Anderson asked why, if slavery was abolished in 1863, people still languish in jail for nonviolent offenses.
“What is most egregious about the cash bail system,” she said, “is that the siblings incarcerated within it haven’t even been convicted of anything yet. What it does is criminalize poverty, because if you are picked up on a minor offense and can’t afford to pay the fine, you are immediately in violation of the law. That means siblings with already limited means are caged until they can magically come up with funds they definitely can’t get while they’re locked up, since they’re prohibited from working. Again, I ask you, how long are we supposed to wait to get free?”
Anderson’s rhetorical fire brought the crowd to its feet again, with a rousing “We still can’t wait” chant, signaling a commitment to carry on with the fight.

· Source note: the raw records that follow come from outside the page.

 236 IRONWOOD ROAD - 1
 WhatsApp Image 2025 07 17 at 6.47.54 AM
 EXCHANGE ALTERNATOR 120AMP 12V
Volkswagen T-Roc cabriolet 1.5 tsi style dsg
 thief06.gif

Anderson was accepting the 2018 Peaceseeker Award on behalf of the Revs. William Barber and Liz Theoharis, co-moderators of the new Poor People’s Campaign.
Rick Ufford-Chase presented the 2017 Peaceseeker award to The Rev. abby mohaupt (who prefers the lower-case), for her role as organizer of the group that walked from Louisville to St. Louis to advocate for divestment from producers of fossil fuels. “Abby is like John the Baptist wearing crazy orange clothing and lifting her voice in the wilderness,” Ufford-Chase said. “We set out on a 200-mile journey because abby told us to.”

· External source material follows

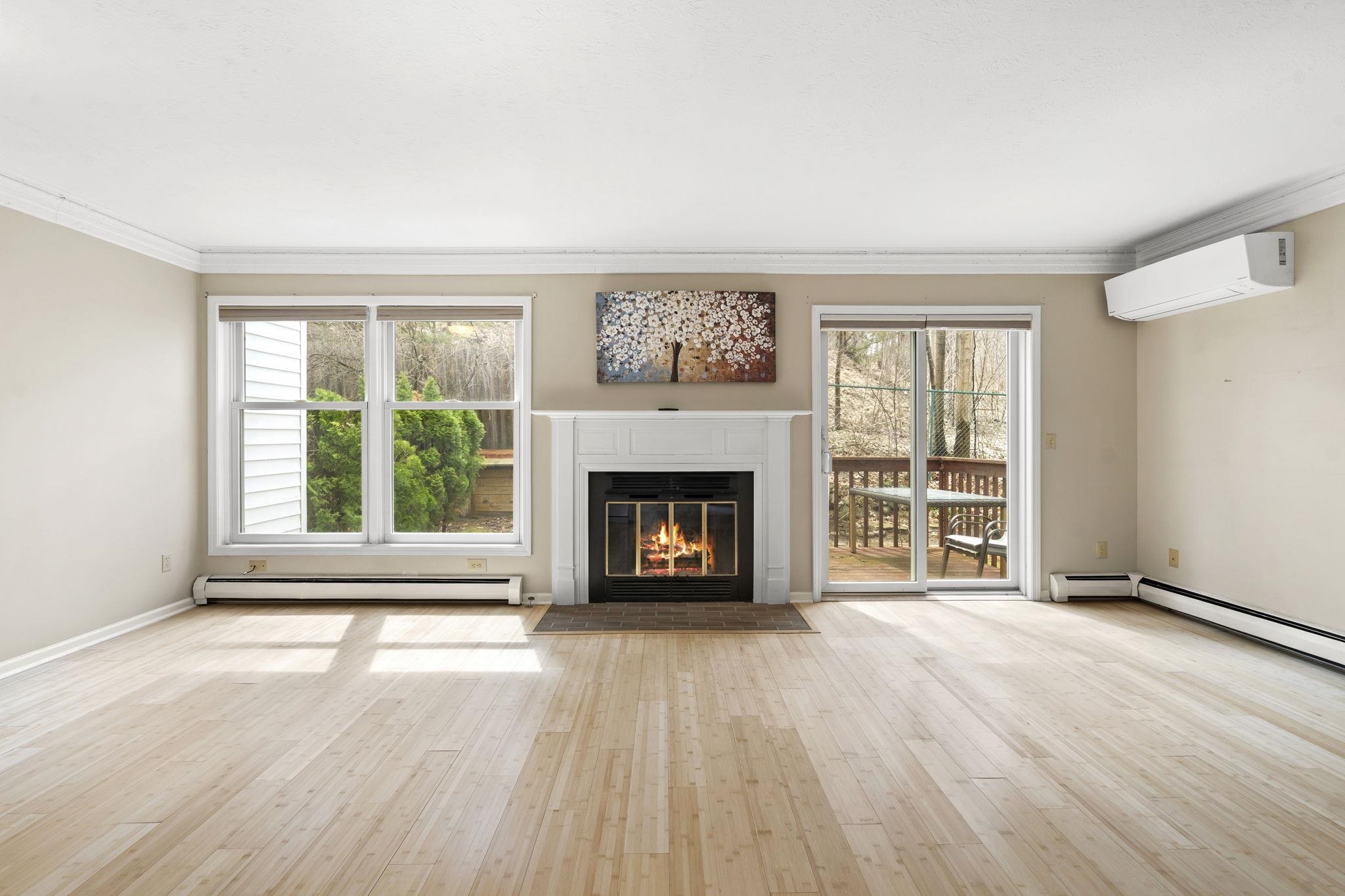 595 Georgetown Place UNIT&nbsp;12, Traverse City, MI, 49684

Visibly choked up, mohaupt introduced the group to her 2-year old niece, Cordelia. She also showed the group a piece of paper she carries with her always, a note from her beloved grandmother. “Both of them have taught me to stop being polite,” she said.
Saying that we can no longer be polite about climate change and our complicity in it, mohaupt said the time to divest is now. “Time is up,” she said. “Where our treasure is, there our hearts are also.”